* _SOURCE DATA_
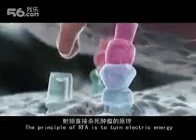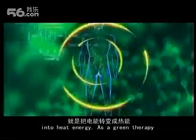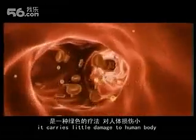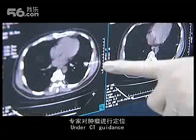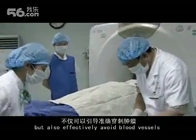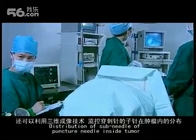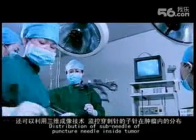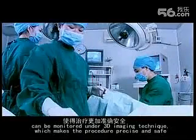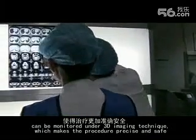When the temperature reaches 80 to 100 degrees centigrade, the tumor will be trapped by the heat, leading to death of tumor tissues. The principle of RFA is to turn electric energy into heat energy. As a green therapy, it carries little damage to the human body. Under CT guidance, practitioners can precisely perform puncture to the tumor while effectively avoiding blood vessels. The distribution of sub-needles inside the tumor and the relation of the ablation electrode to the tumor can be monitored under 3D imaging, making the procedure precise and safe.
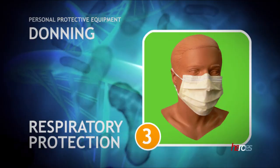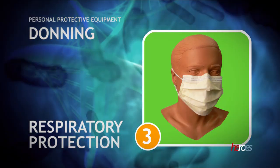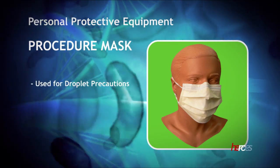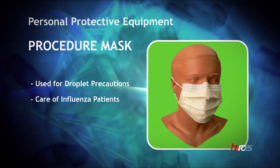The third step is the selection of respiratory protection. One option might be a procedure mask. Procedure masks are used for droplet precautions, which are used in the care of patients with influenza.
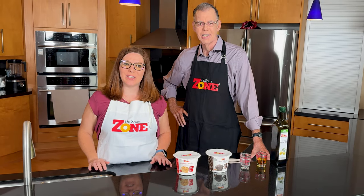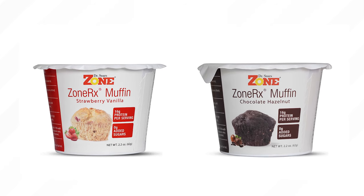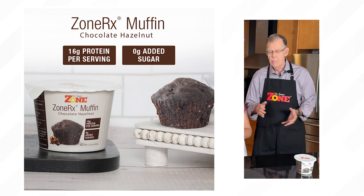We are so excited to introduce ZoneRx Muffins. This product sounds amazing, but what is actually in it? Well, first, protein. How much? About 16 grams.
...
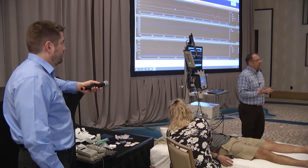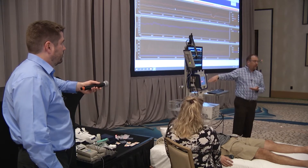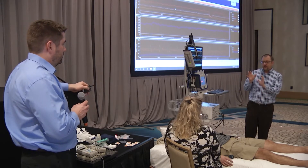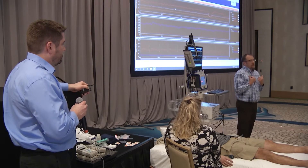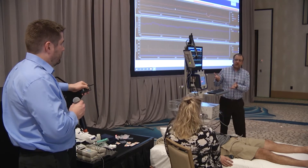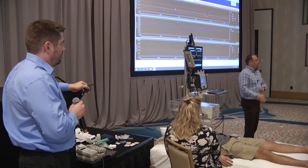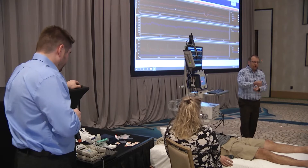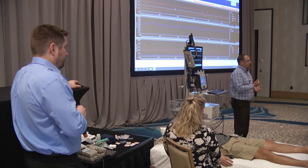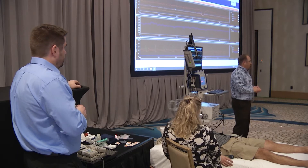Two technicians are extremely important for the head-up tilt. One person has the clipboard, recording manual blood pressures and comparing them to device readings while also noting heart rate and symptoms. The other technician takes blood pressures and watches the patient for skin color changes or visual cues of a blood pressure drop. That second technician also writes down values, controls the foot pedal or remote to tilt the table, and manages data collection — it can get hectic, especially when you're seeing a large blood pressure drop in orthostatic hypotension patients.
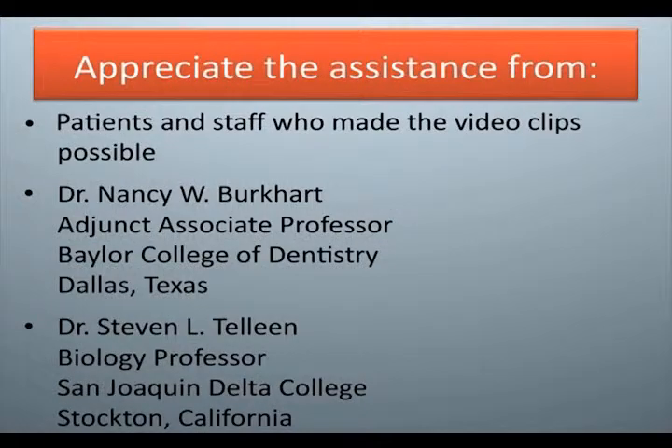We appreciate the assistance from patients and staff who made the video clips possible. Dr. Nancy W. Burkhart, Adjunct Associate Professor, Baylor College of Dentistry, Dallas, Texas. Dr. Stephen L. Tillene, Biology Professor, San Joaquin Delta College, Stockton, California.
==
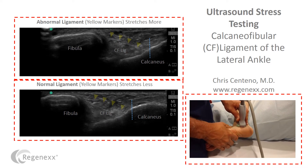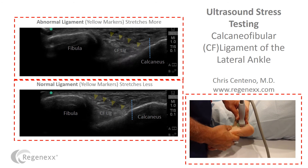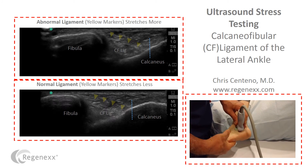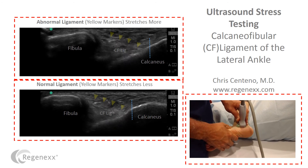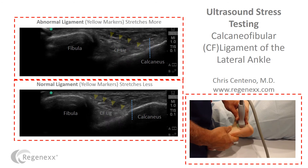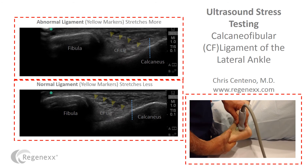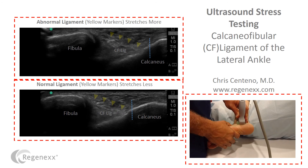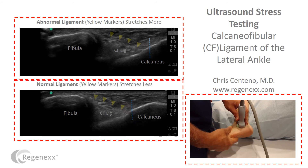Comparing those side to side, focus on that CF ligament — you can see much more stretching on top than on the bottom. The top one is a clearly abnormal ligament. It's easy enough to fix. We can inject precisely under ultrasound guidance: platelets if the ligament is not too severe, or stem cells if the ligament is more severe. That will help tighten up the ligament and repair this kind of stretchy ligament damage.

* _TASK_
Print exactly the lines above that run from the one with "The third step" to the one with "We are so excited", both included. No pictures.

* _PROBLEM SOLUTION_
The third step is the selection of respiratory protection. One option might be a procedure mask. Procedure masks are used for droplet precautions, which are used in the care of patients with influenza.
We are so excited to introduce ZoneRx Muffins. This product sounds amazing, but what is actually in it? Well, first, protein. How much? About 16 grams.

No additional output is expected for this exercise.